Another mistake that software development teams tend to make is that when it is questionable as to whether the technology is the responsibility of the development team or facilities – the developers palm it off onto facilities.  It is scary how few developers can even deploy their applications into a production environment or how much DBA’s have to analyse SQL statements to find the best indexes to put on tables.  This creates a problem where the developers are only vaguely aware of how their applications execute – not a good place to start if you want to create quality software.

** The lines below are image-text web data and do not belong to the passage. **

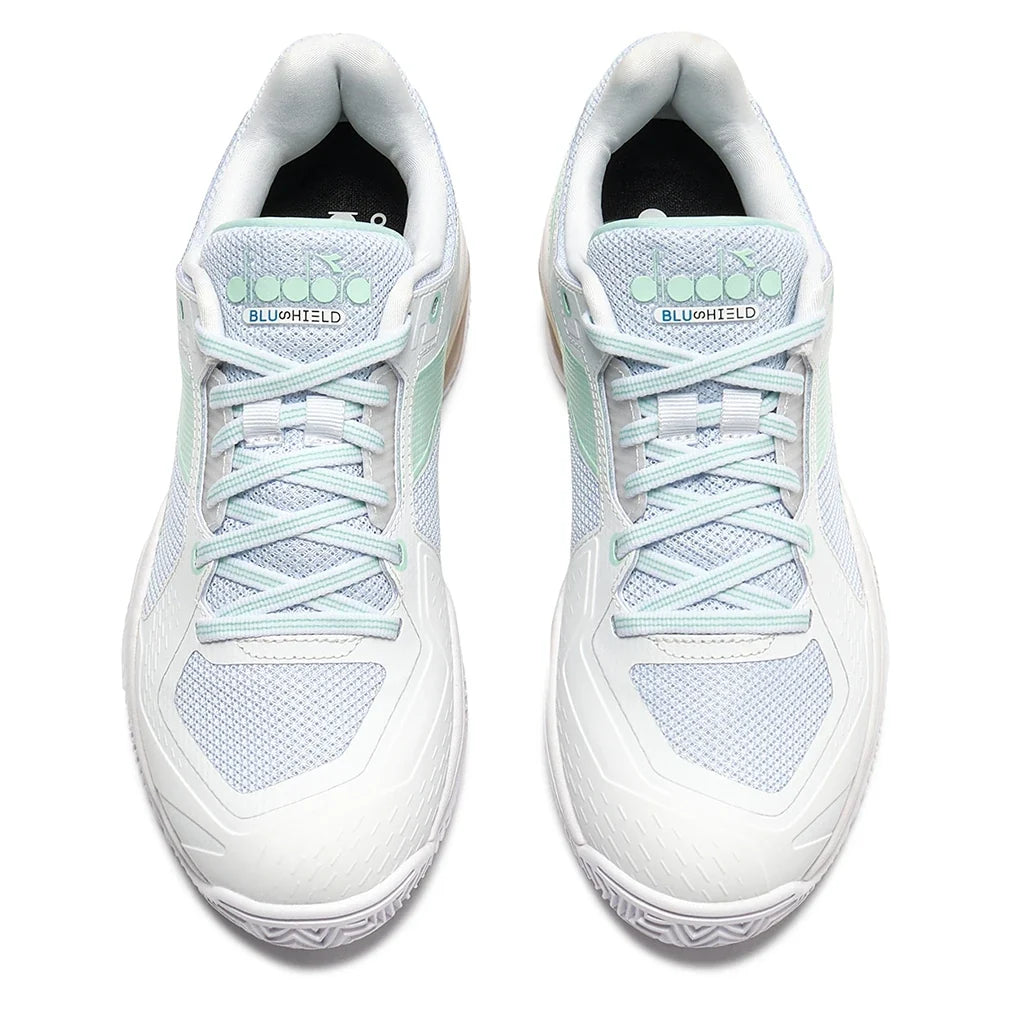 Women's Blushield Torneo 3 Clay Tennis Shoes White and Bay-Footwear-Diadora-181469-C0274-4-Tennis Express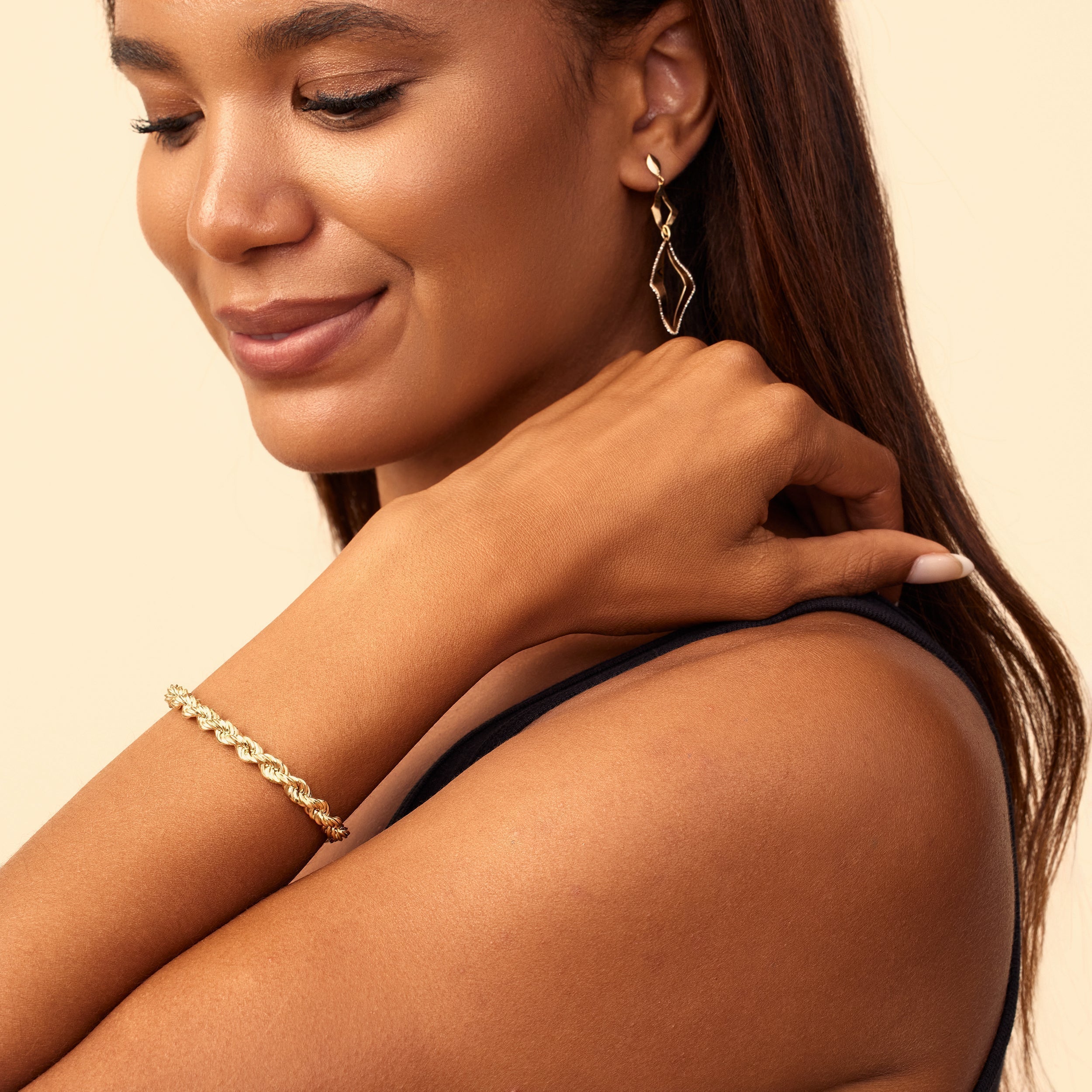 14K Gold Classic Twisted Rope Bracelet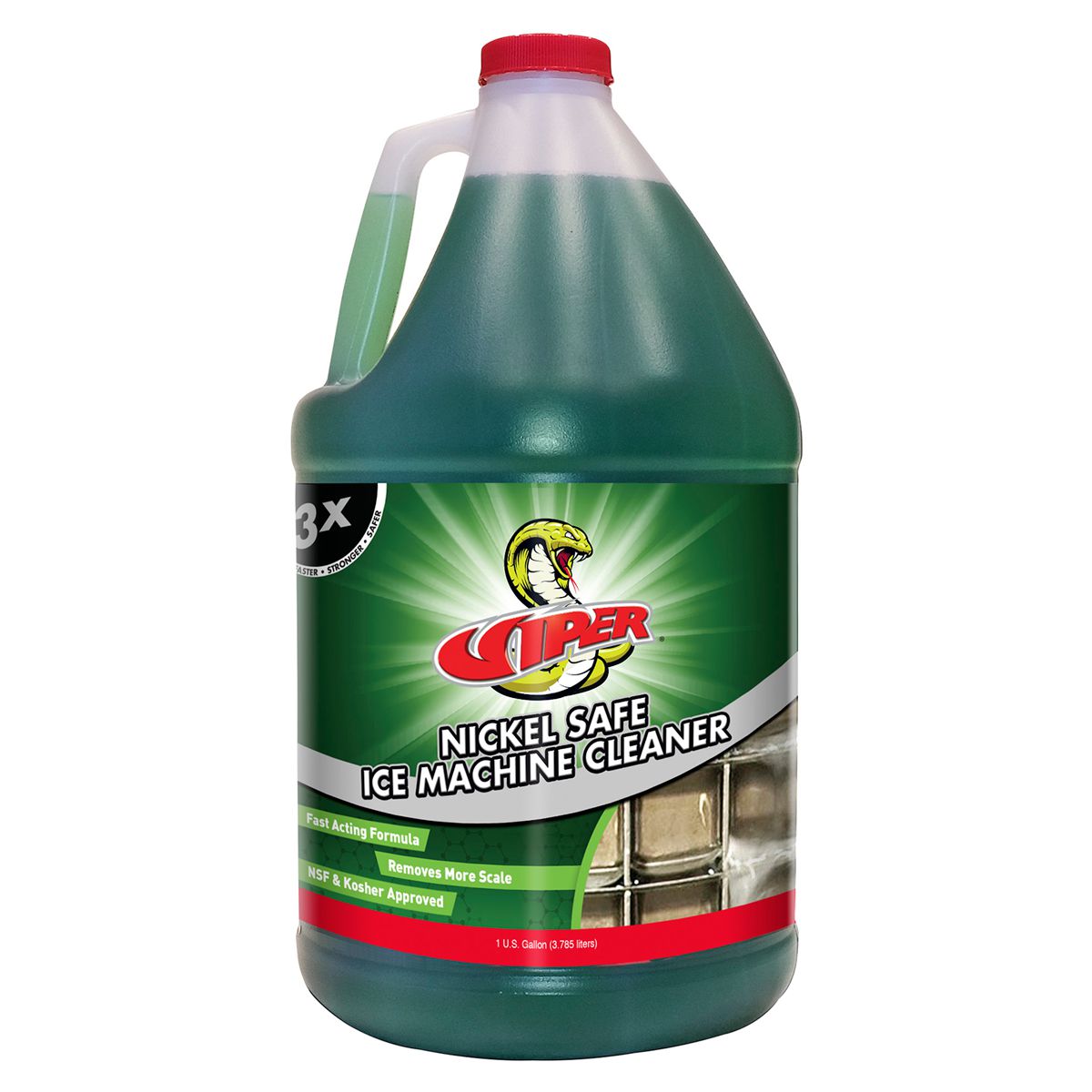 Viper Nickel Safe Ice Machine Cleaner 3.78L RT500G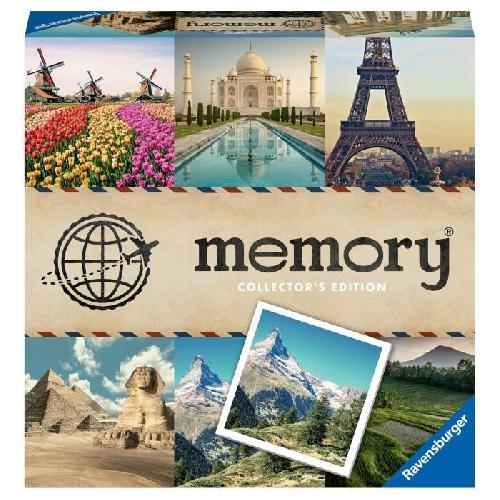 Memory Jeu de mémoire Collectors' Memory - Voyage - Ravensburger - Observation et mémorisation - A partir de 8 ans
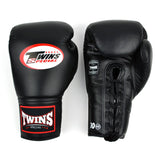 Twins Special BGLL1 Lace-Up Boxing Gloves Black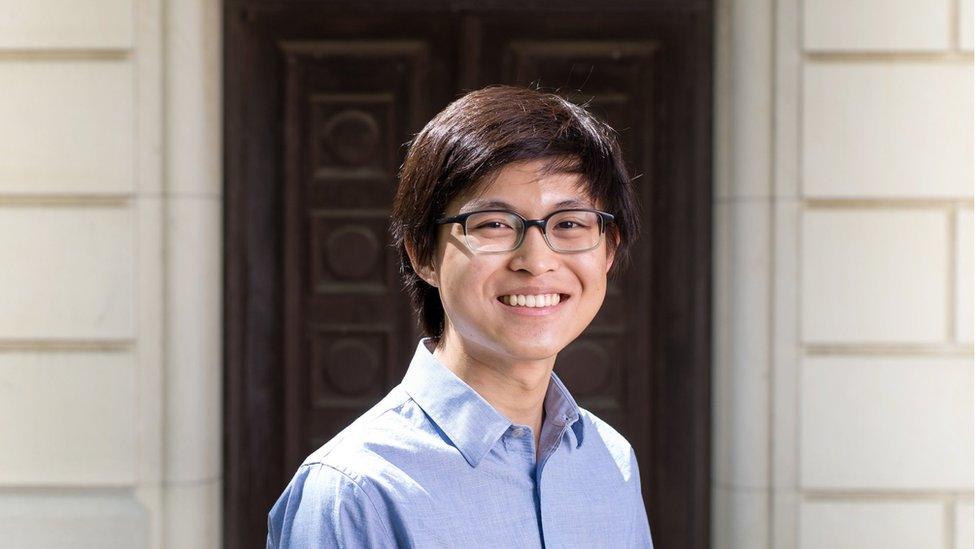 UT Austin graduate Ewin Tang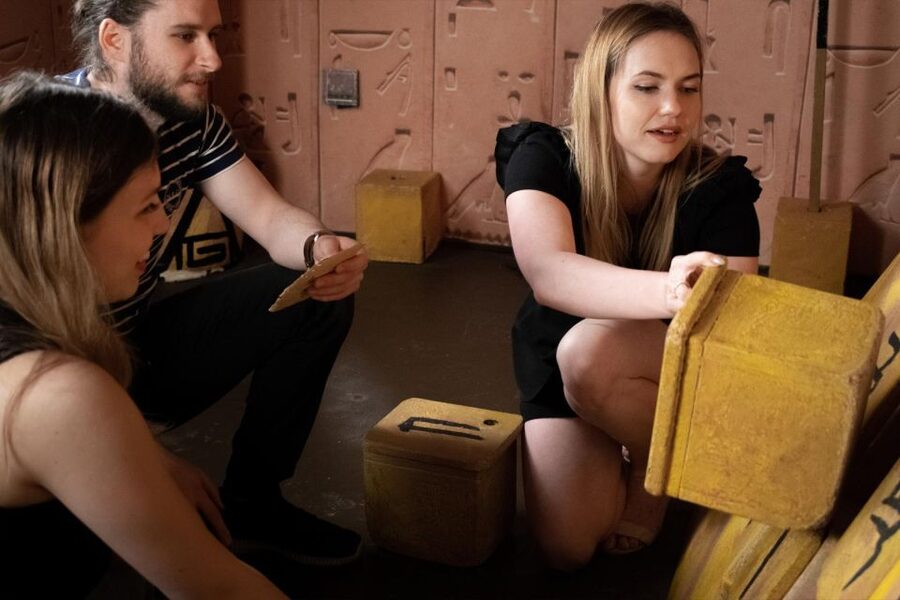 Budapest: Escape Room game - Egyptian Adventure - The setting and the Budapest location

While good technical leaders are able to hand out ‘research’ tasks to developers, it would be great if the architect had access to a more clearly identified individual who could figure out a few things on the architect’s behalf – this is the missing link that I am looking for.  A developer who is technically strong but may not have the other attributes, such as leadership qualities, to become an architect – but is able to get their head around complex technologies in well-scoped, bite-sized chunks.  I’ll call this role a ‘Platform Developer’ as most of the technologies that need to be understood are at a fairly low level (closer to the platform).  I am specifically not wanting a technical specialist, or even worse a ‘technology evangelist’ who is so wrapped up in their specialization that they suffer from architectural tunnel vision.

I think a key attribute of a Platform Developer is that he/she should be a ‘roving’ developer – moving between projects.  This is a great way to spread the knowledge about the technologies across the teams and also prevents them from gaining too much business knowledge in a project and becoming ‘indispensable’ according to the project manager.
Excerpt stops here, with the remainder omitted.